[Opening SUPPLIED MATERIAL section]

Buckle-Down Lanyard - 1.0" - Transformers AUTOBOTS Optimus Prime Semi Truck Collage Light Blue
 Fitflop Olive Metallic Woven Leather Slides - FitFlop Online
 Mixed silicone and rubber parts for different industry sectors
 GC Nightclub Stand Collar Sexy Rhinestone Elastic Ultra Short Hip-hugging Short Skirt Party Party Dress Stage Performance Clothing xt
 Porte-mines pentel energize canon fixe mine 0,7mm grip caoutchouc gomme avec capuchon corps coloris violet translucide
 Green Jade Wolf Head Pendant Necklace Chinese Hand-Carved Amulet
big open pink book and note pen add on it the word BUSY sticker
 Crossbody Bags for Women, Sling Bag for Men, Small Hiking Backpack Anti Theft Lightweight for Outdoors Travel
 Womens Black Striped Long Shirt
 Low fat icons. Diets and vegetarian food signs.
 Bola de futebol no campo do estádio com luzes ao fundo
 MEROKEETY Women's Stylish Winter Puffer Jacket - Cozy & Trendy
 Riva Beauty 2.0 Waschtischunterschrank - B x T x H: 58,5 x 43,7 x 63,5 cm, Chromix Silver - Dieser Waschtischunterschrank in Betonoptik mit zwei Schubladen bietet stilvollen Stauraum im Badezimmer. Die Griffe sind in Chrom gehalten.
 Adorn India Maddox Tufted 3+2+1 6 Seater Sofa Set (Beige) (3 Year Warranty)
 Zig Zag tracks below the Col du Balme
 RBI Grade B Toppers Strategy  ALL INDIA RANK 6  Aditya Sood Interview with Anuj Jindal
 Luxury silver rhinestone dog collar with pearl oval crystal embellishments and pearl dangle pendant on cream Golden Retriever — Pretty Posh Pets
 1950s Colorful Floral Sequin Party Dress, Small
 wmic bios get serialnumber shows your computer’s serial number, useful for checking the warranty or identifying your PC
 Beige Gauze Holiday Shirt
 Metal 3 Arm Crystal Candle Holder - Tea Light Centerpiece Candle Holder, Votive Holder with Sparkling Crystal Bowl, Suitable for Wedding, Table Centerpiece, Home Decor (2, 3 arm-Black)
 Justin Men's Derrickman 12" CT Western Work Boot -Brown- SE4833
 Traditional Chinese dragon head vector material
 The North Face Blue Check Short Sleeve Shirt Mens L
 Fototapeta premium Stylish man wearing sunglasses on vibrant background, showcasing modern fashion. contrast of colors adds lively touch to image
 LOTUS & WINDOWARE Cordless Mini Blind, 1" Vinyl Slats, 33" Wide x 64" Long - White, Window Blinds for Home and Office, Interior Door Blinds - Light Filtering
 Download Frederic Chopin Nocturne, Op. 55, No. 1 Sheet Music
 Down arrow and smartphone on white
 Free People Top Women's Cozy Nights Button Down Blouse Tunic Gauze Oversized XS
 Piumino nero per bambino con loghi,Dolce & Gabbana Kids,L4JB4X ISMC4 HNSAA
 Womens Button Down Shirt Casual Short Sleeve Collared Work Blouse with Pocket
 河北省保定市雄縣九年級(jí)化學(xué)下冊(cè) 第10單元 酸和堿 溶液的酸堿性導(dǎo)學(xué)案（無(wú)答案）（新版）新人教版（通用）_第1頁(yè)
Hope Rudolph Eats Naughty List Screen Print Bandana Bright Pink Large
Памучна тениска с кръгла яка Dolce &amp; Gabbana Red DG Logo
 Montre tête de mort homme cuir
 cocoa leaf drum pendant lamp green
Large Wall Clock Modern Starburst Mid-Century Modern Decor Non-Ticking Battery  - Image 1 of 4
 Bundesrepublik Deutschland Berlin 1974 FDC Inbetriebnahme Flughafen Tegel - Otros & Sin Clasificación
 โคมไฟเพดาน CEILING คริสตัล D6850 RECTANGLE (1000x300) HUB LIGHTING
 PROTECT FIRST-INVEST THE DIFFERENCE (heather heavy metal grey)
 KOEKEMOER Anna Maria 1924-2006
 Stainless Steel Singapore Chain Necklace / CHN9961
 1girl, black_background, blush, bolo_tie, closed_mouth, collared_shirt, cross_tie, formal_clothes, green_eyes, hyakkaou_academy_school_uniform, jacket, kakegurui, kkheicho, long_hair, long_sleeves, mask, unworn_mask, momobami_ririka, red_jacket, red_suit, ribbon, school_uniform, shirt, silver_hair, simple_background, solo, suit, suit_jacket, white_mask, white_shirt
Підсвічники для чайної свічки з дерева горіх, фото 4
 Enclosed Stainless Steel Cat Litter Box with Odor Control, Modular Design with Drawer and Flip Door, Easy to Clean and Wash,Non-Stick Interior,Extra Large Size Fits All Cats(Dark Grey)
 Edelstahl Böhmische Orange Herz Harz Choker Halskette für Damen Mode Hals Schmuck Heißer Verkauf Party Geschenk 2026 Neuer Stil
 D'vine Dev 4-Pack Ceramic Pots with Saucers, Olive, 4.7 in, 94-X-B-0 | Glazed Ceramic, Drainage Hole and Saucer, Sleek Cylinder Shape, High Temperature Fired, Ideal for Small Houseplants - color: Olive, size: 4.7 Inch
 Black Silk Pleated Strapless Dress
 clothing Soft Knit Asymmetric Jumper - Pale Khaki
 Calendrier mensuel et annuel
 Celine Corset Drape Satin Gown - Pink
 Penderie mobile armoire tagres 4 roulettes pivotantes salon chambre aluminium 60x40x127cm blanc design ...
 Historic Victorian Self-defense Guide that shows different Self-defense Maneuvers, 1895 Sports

[Closing SUPPLIED MATERIAL section]

- [ABOUT THIS EXERCISE] Each line above from the one with "The North Face" up to and including the one with "Piumino nero per" must be set down exactly, and no line outside that span may appear.

- [YOUR RESPONSE]
 The North Face Blue Check Short Sleeve Shirt Mens L
 Fototapeta premium Stylish man wearing sunglasses on vibrant background, showcasing modern fashion. contrast of colors adds lively touch to image
 LOTUS & WINDOWARE Cordless Mini Blind, 1" Vinyl Slats, 33" Wide x 64" Long - White, Window Blinds for Home and Office, Interior Door Blinds - Light Filtering
 Download Frederic Chopin Nocturne, Op. 55, No. 1 Sheet Music
 Down arrow and smartphone on white
 Free People Top Women's Cozy Nights Button Down Blouse Tunic Gauze Oversized XS
 Piumino nero per bambino con loghi,Dolce & Gabbana Kids,L4JB4X ISMC4 HNSAA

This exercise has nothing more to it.